Jin Richard C, Loscalzo Joseph
Cardiovascular Division, Department of Medicine, Brigham and Women's Hospital, Harvard Medical School, Boston, MA.
J Blood Med. 2010 Aug 1;2010(1):147-162. doi: 10.2147/JBM.S7000.
Nitric oxide (NO) is a structurally simple, highly versatile molecule that was originally discovered over 30 years ago as an endothelium-derived relaxing factor. In addition to its vasorelaxing effects, NO is now recognized a key determinant of vascular health, exerting antiplatelet, antithrombotic, and anti-inflammatory properties within the vasculature. This short-lived molecule exerts its inhibitory effect on platelets largely through cGMP-dependent mechanisms, resulting in a multitude of molecular effects by which platelet activation and aggregation are prevented. The biosynthesis of NO occurs via the catalytic activity of nitric oxide synthase (NOS), an oxido-reductase found in many cell types. Nitric oxide insufficiency can be attributed to limited substrate/cofactor availability as well as interactions with reactive oxygen species (ROS). Impaired NO bioavailability represents the central feature of endothelial dysfunction, a common abnormality found in many vascular diseases. In this review, we present an overview of NO synthesis and biochemistry, discuss the mechanisms of action of NO in regulating platelet and endothelial function, and review the effects of vascular disease states on NO bioavailability.

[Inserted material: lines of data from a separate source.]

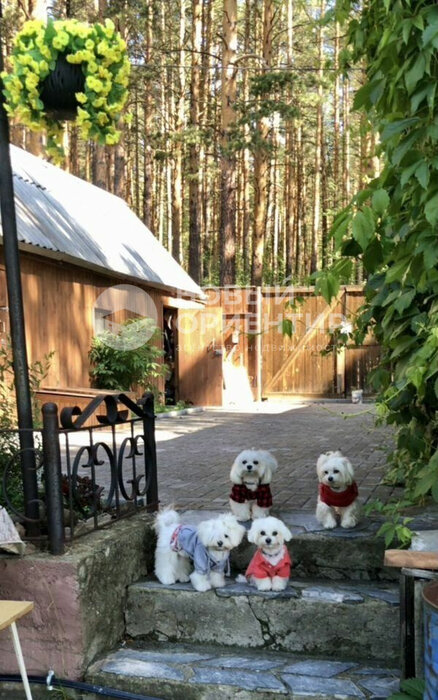 п. Каменка (г.о. Сысертский), СНТ Гудок-2   (городской округ Сысертский) - фото сада (6)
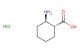trans-2-aminocyclohexanecarboxylic acid hydrochloride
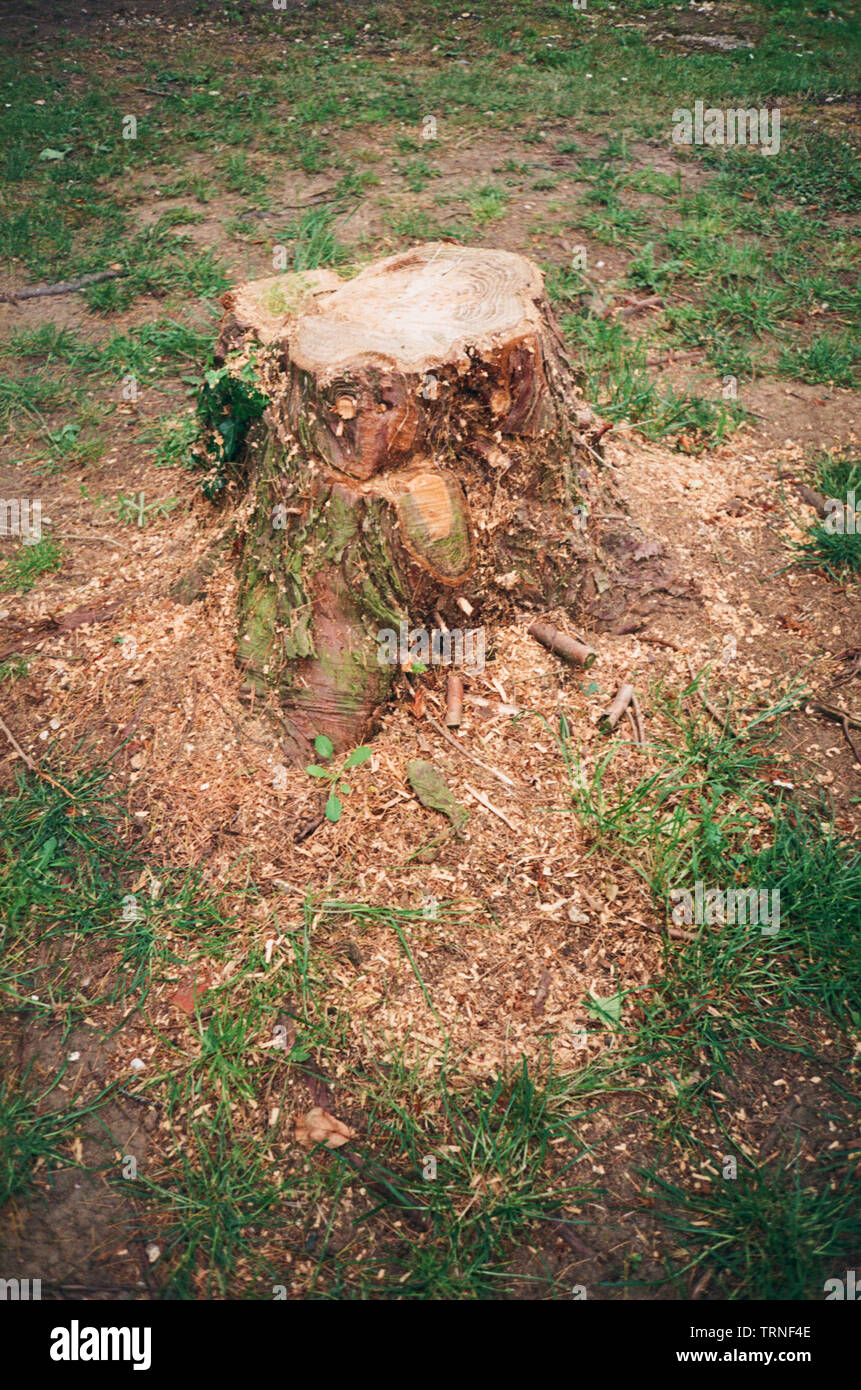 Leylandii tree stump, Medstead, Hampshire, England, United Kingdom. Stock Photo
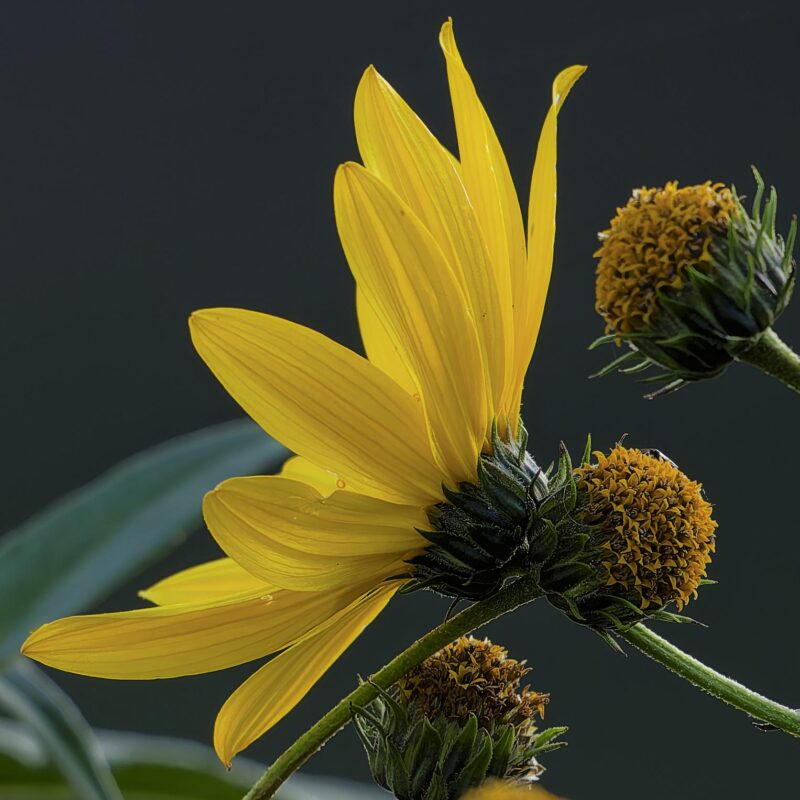 Incorporating Wildflowers into Your Wedding Decor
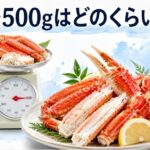 蟹500gはどのくらい？一人前の量と食べ方を完全ガイド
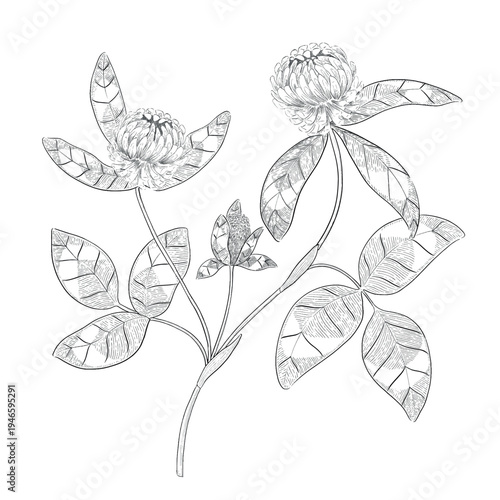 Collection of flowers and grasses drawn with black and white lines with copy space. Vector illustration for decorating books, scrapbooking, social media and invitations decor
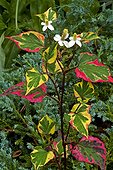 Houttuynia in flowers in a garden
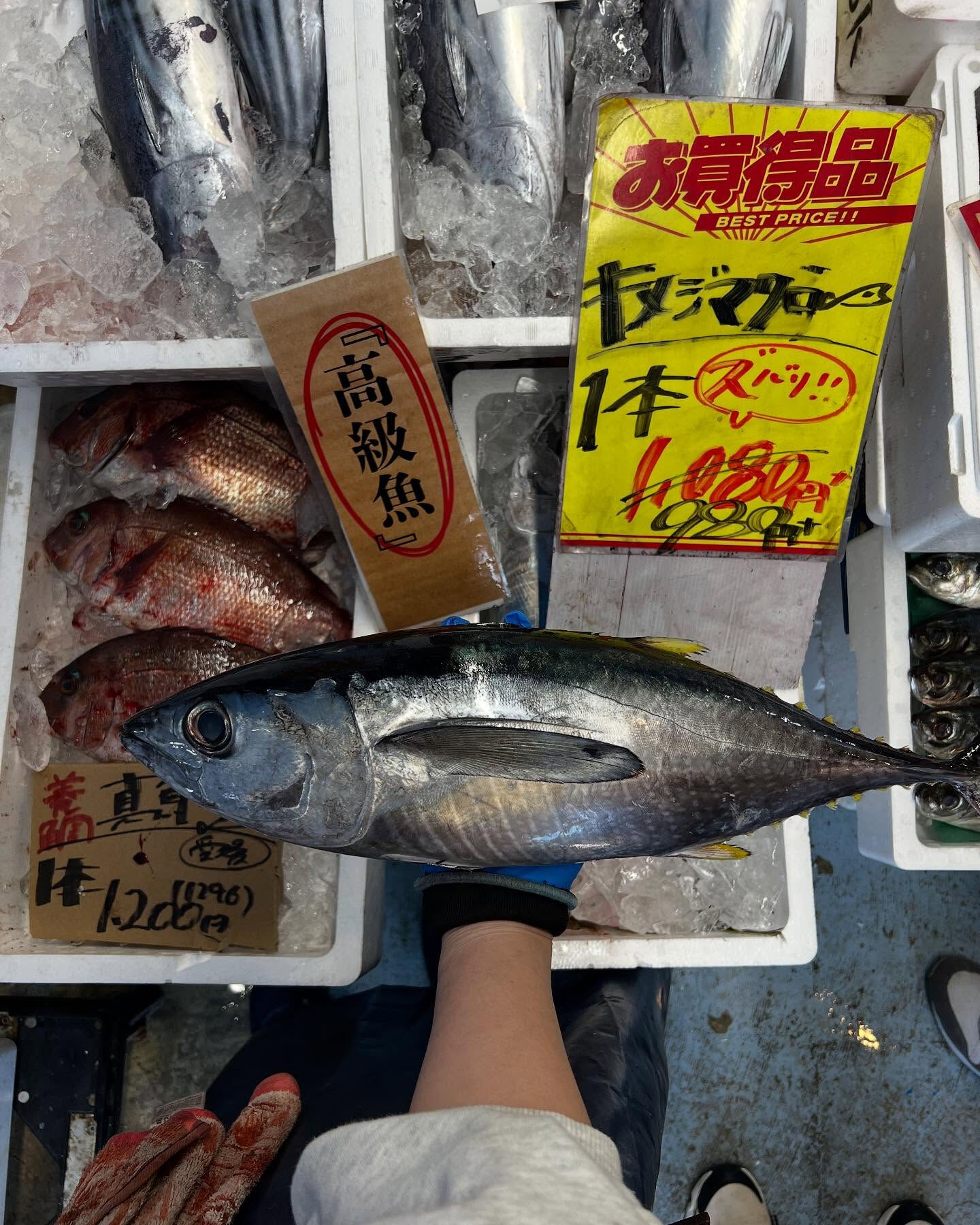 本日、火曜start🐟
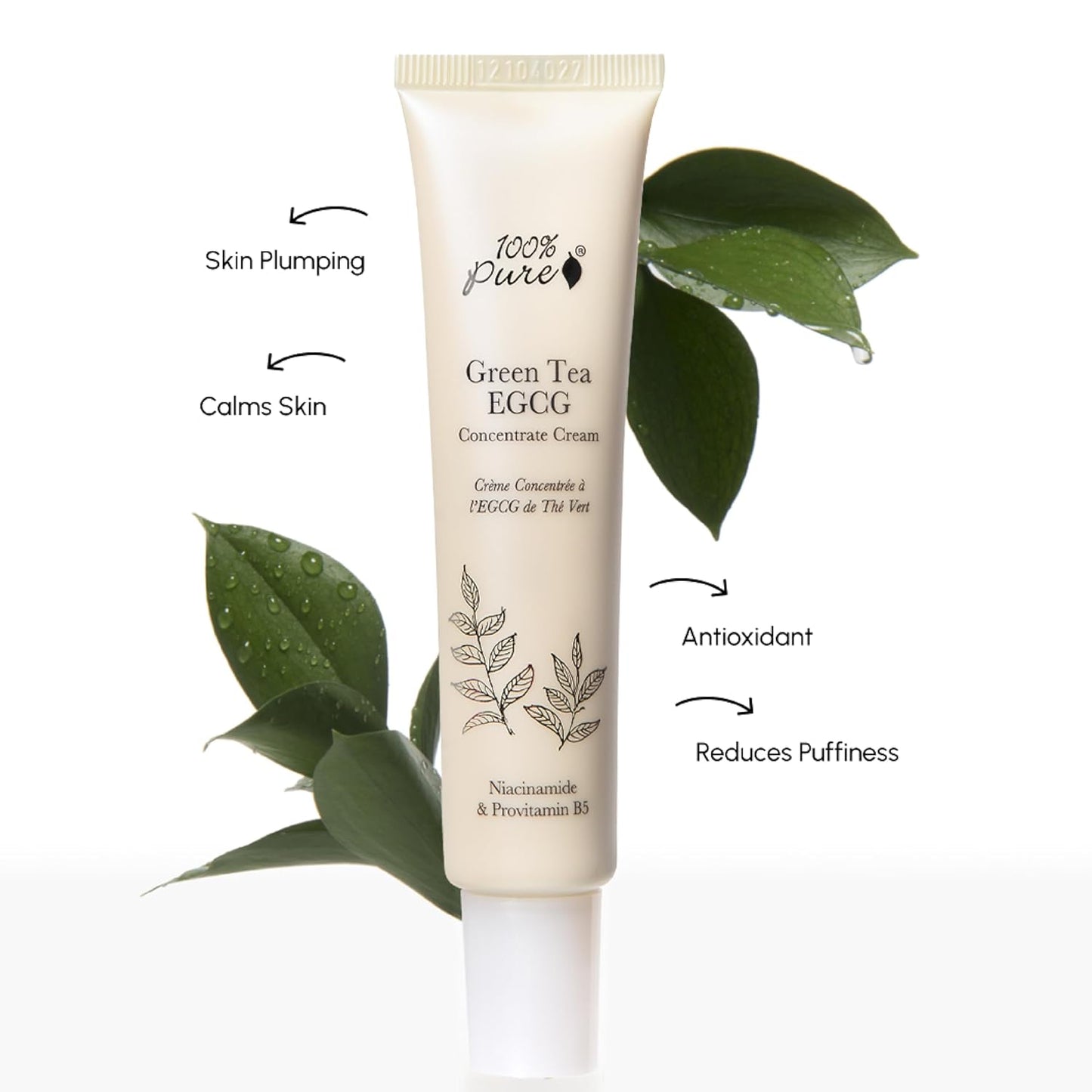 Green Tea EGCG Concentrate Face Cream - Anti-Aging Hydrating Moisturizer with Squalene & Caffeine | 1.4 Oz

一氧化氮(NO)是一种结构简单、功能多样的分子,30多年前最初被发现是一种内皮衍生的舒张因子。除了其血管舒张作用外,NO现在被认为是血管健康的关键决定因素,在血管系统中发挥抗血小板、抗血栓形成和抗炎特性。这种寿命短暂的分子主要通过依赖环磷酸鸟苷(cGMP)的机制对血小板发挥抑制作用,从而产生多种分子效应,防止血小板活化和聚集。NO的生物合成通过一氧化氮合酶(NOS)的催化活性发生,NOS是一种在许多细胞类型中发现的氧化还原酶。一氧化氮不足可归因于底物/辅助因子可用性有限以及与活性氧(ROS)的相互作用。NO生物利用度受损是内皮功能障碍的核心特征,内皮功能障碍是许多血管疾病中常见的异常情况。在本综述中,我们概述了NO的合成和生物化学,讨论了NO调节血小板和内皮功能的作用机制,并综述了血管疾病状态对NO生物利用度的影响。